A new fast-track application service, which was piloted last year, is to be rolled out to all Chinese nationals.Under the new system, Chinese visitors to the European Union will not have to apply for a separate visa for the UK. In addition, there will be a new 24-hour visa service available from August and 12 visa application centers will be opened across China.
The new visa changes will be welcomed by UK businesses who have previously complained that the previous lengthy and bureaucratic visa process was discouraging high-spending Chinese visitors from spending their money in the UK.
Li’s trip marks the first UK visit by a Chinese premier since relations between the two countries took a nosedive in 2012 over Cameron’s meeting with the Dalai Lama, the exiled Tibetan spiritual leader who the Chinese government considers to be a violent separatist and traitor for advocating Tibetan self-rule.

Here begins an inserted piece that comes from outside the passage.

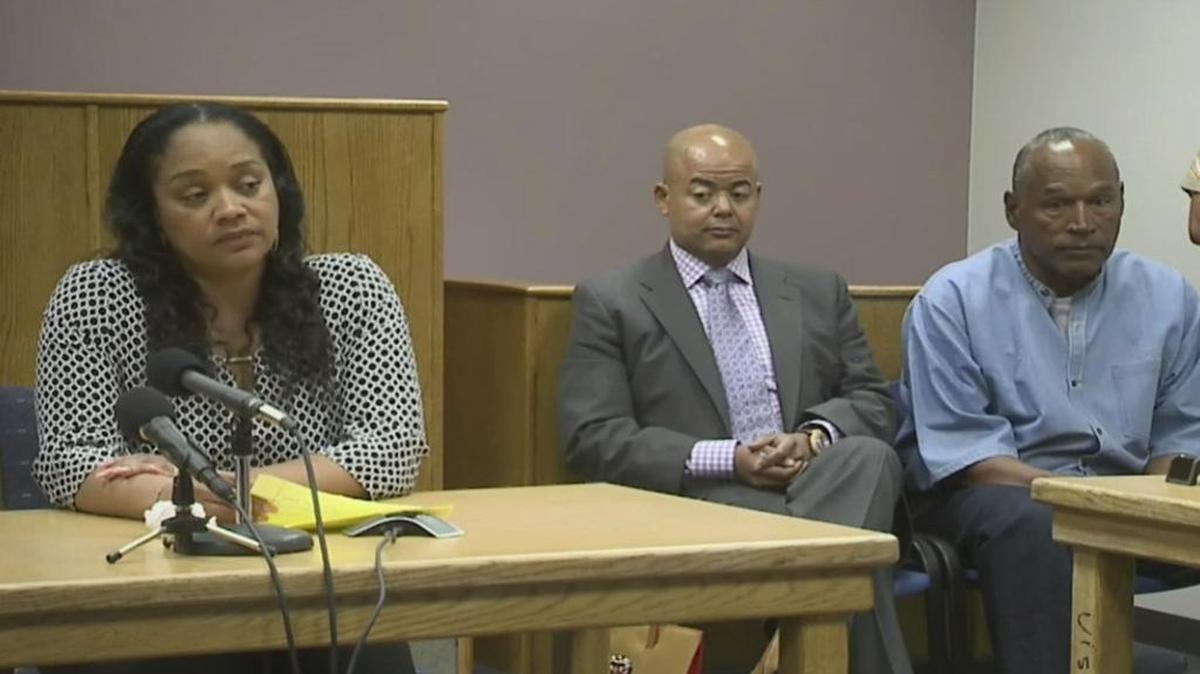 Arnelle Simpson, left, testifies for her father, former NFL football star O.J. Simpson, far right, as attorney, Malcolm LaVergne, center, listens during O.J. Simpson's hearing at the Lovelock Correctional Center in Lovelock, Nev., on Thursday, July 20, 2017. Simpson was convicted in 2008 of enlisting some men he barely knew, including two who had guns, to retrieve from two sports collectibles sellers some items that Simpson said were stolen from him a decade earlier.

After the leadership of the Chinese Communist Party changed in March 2013, relations thawed somewhat and Cameron, accompanied by a delegation of 100 business executives, visited China in December 2013. However, Cameron’s visit was overshadowed by a contemptuous editorial in China’s Global Times, which called the UK “just a European country” and “not a big power in the eyes of the Chinese.”
In spite of this, China-UK relations appear to have improved. “Cameron now looks to project the UK as China’s best friend in the West,” said Hugo Williamson, managing director of the Risk Resolution Group.
When announcing the deals, Cameron asserted Britain’s status as a “strong and good friend of China and supporter of China’s rise” and has said that the bilateral relationship is “gaining in strength, depth and understanding” as a result of this week’s talks.
After the conclusion of his commitments in London, Li will fly to Greece for a visit from June 19-21, where he is expected to focus on the opportunities that Greece’s privatization program can offer Chinese firms.